[ABOUT THIS EXERCISE] Your answer should be the lines below from the one with "landscaping services Belle Fourche" to the one with "Honda Accord HR", both included, given again exactly and with nothing added.

[SUPPLIED DATA]
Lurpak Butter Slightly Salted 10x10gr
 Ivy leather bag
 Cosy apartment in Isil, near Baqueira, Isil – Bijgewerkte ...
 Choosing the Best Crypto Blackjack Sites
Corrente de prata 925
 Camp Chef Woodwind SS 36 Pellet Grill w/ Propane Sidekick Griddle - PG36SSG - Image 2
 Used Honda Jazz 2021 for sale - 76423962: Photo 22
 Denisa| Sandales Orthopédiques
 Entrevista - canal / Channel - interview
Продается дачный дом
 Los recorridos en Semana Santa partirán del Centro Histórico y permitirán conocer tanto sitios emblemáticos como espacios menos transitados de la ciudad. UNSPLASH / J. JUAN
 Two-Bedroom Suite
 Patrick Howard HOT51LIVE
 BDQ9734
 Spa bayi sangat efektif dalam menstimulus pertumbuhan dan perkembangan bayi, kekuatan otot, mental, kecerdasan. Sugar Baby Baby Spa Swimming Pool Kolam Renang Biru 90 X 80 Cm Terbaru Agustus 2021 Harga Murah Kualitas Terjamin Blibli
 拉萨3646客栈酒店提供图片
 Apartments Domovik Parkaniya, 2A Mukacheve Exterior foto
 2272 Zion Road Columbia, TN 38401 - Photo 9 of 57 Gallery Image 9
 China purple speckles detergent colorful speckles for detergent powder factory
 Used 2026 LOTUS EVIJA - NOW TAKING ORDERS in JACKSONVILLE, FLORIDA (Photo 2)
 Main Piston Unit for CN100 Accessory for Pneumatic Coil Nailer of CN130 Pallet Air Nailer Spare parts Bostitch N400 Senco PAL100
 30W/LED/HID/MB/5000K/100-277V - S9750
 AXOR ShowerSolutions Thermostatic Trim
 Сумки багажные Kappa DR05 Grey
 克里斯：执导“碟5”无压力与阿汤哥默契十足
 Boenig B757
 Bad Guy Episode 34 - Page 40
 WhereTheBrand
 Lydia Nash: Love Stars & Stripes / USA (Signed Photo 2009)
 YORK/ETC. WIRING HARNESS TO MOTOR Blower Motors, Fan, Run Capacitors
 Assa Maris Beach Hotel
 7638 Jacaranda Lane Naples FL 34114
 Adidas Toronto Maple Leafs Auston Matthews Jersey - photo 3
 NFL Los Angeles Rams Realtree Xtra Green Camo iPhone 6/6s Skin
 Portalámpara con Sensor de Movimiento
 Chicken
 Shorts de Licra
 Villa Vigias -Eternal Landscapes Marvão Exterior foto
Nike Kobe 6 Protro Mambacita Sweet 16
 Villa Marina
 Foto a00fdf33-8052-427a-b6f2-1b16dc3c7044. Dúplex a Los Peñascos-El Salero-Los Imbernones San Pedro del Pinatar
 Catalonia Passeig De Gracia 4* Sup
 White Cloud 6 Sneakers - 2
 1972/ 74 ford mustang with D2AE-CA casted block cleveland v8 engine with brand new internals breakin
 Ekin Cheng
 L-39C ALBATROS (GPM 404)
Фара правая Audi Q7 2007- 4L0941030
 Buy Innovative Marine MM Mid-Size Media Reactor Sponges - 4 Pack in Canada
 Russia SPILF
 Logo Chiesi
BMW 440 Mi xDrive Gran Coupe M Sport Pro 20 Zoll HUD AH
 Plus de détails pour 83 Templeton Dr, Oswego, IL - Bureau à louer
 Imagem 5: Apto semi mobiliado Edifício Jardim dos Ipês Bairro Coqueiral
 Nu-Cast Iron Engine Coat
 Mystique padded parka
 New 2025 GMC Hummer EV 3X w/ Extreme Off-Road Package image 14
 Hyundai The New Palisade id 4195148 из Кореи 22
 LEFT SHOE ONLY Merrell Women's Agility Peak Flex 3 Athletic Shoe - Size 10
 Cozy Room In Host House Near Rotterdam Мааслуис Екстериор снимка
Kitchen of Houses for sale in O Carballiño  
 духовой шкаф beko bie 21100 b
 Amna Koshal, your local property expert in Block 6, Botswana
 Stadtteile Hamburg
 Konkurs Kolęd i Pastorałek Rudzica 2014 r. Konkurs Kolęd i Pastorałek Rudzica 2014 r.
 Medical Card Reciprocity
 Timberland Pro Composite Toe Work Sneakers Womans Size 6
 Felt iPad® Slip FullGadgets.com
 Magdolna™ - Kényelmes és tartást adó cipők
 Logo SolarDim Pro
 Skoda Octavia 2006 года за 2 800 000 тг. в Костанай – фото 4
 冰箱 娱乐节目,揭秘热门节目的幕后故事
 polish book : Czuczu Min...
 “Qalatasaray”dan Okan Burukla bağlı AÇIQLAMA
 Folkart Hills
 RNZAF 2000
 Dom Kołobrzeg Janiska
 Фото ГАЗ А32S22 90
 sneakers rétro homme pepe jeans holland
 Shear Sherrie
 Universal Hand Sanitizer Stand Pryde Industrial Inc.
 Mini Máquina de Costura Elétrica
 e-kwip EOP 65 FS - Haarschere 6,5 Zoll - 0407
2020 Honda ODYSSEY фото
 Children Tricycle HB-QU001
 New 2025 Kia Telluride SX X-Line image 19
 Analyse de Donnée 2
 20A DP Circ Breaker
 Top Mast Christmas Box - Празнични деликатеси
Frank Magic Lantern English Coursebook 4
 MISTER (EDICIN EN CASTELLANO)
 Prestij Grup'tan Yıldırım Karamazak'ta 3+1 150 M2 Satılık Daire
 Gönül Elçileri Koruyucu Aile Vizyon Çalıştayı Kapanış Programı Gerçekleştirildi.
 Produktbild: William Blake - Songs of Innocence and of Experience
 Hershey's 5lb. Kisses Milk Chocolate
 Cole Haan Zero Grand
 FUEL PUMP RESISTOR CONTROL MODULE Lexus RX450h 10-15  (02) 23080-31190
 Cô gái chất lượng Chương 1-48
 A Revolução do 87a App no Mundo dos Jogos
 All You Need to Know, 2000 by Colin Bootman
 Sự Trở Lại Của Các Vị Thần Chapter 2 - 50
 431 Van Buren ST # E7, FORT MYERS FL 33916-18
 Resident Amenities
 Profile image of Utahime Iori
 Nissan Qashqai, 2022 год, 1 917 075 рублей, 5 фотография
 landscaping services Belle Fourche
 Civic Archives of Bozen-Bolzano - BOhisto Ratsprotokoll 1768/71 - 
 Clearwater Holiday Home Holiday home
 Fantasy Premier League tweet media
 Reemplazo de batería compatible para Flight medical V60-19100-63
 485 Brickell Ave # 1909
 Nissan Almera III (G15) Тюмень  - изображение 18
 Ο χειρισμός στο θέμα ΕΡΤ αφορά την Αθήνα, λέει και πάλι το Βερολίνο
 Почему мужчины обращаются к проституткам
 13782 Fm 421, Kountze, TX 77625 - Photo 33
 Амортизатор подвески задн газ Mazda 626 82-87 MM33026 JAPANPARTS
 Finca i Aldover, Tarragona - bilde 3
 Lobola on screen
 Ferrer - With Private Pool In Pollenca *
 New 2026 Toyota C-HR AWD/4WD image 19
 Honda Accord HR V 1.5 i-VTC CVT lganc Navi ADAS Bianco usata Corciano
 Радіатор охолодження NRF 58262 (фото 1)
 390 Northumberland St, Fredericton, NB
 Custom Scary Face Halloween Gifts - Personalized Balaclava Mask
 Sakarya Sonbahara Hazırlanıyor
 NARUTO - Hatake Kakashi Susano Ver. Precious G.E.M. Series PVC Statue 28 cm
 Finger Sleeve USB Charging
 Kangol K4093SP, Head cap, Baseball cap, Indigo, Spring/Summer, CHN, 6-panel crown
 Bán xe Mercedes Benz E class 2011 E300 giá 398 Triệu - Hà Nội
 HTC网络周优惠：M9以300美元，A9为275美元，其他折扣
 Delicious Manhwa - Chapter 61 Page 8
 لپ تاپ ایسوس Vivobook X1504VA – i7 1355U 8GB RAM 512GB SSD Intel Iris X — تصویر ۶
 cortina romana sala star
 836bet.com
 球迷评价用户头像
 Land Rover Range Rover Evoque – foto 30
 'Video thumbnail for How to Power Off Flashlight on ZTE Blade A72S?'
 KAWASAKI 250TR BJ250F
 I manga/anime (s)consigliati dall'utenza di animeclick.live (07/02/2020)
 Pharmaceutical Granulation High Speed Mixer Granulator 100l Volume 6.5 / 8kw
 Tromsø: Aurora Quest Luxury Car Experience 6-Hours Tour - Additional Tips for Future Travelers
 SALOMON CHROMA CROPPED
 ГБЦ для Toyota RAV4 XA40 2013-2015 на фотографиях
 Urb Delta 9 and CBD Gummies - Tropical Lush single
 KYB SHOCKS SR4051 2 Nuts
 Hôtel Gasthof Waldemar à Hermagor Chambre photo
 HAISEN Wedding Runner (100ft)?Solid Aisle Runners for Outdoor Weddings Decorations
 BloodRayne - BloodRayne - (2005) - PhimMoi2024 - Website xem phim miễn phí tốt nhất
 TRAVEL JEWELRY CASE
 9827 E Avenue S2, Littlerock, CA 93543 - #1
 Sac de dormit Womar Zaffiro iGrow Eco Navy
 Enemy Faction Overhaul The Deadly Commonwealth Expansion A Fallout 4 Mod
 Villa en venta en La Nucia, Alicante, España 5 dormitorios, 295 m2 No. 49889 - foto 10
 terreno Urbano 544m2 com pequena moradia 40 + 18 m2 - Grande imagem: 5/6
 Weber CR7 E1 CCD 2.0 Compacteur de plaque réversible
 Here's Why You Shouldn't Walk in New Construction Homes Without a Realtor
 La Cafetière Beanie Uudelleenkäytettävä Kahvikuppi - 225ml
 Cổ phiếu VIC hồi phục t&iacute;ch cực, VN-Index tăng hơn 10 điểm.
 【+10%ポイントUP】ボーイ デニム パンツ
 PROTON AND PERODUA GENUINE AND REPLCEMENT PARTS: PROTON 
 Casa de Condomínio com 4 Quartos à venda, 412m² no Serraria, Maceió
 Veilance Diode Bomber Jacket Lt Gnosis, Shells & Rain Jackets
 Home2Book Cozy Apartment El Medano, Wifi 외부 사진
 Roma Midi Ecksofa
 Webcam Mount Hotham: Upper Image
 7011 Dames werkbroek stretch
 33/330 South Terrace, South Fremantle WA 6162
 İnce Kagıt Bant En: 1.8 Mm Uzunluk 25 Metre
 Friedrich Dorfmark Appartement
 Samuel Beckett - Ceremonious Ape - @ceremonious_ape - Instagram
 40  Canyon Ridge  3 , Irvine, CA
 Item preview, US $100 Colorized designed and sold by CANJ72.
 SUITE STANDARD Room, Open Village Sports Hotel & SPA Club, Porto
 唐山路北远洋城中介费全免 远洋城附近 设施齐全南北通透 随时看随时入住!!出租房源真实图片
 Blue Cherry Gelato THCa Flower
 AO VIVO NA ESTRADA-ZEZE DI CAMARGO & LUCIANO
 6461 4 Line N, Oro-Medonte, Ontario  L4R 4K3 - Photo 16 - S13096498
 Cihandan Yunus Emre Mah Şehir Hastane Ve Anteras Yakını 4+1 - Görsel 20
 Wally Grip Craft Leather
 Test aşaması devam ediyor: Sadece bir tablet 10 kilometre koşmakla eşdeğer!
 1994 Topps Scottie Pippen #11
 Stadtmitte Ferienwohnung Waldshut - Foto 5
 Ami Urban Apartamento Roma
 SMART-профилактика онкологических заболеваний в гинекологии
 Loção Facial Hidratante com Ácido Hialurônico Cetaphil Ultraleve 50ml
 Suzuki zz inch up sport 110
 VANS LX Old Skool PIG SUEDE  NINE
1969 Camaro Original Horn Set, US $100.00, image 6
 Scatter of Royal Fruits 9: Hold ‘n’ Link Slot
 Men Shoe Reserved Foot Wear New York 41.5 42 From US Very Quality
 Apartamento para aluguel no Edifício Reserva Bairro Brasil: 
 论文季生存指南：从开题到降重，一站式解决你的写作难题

[RESULT]
 landscaping services Belle Fourche
 Civic Archives of Bozen-Bolzano - BOhisto Ratsprotokoll 1768/71 - 
 Clearwater Holiday Home Holiday home
 Fantasy Premier League tweet media
 Reemplazo de batería compatible para Flight medical V60-19100-63
 485 Brickell Ave # 1909
 Nissan Almera III (G15) Тюмень  - изображение 18
 Ο χειρισμός στο θέμα ΕΡΤ αφορά την Αθήνα, λέει και πάλι το Βερολίνο
 Почему мужчины обращаются к проституткам
 13782 Fm 421, Kountze, TX 77625 - Photo 33
 Амортизатор подвески задн газ Mazda 626 82-87 MM33026 JAPANPARTS
 Finca i Aldover, Tarragona - bilde 3
 Lobola on screen
 Ferrer - With Private Pool In Pollenca *
 New 2026 Toyota C-HR AWD/4WD image 19
 Honda Accord HR V 1.5 i-VTC CVT lganc Navi ADAS Bianco usata Corciano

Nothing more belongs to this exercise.